At least 53 dead after tropical storm Megi hit the Philippines
At least 53 people have died in landslides and floods after tropical storm Megi hit the Philippines last weekend. Rescue crews are still looking for survivors in the aftermath and the death toll is expected to climb as the rescuers discover more bodies and move into more remote areas.
The storm caused landslides and floods which buried people alive and destroyed entire villages. Villages near Baybay city in the central province of Leyte have suffered the most damage. At least 47 people in the area have been killed, according to the city’s mayor Jose Carlos Cari.
In Pilar, about 80% of the village’s houses were washed out to sea. Deaths have also been reported in the Southern region, Mindanao and Negros Orientals province.
Many fled their homes to seek higher ground on Sunday when conditions worsened. The storm, locally known as Agaton, caused winds of up to 65 kilometres per hour. More than 100,000 people in the southern and eastern areas of the Philippines are thought to have been affected by the storm so far.
The Philippines typically experiences 20 tropical storms every year.
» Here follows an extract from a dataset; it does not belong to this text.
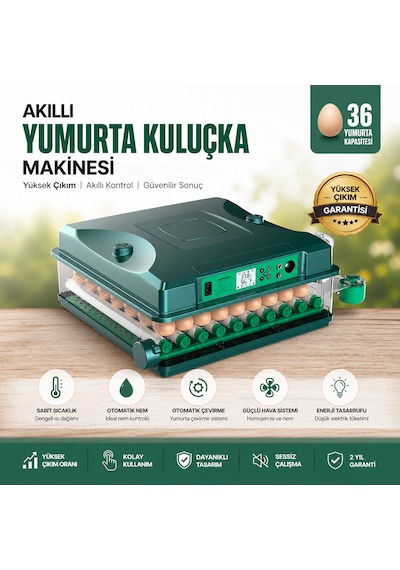 36 Yumurta Tam Otomatik Akıllı Kuluçka Makinesi Dijital Isı Ve Nem Kontrollü Civciv Çıkım Makinesi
Agaton was the first storm like this to happen so far this year. The country’s geography makes the archipelago prone to climate disasters. The ‘storm season’ is usually between August to October each year but tropical storms and typhoons can happen at any time.
It’s supposed to be the dry season right now in the Philippines. But Marissa Miguel Cano, a public information officer from Baybay, suspects that the effects of climate change is the cause of the off-season storm in the traditional dry season.
Scientists say that climate change, caused by human activity, is measurably making tropical storms stronger and more intense each year. The Philippines has suffered some of its most deadly storms since 2006.
In December last year, Super Typhoon Rai devastated many islands in the south-east of the country killing 375 people and affecting around 500,000 people.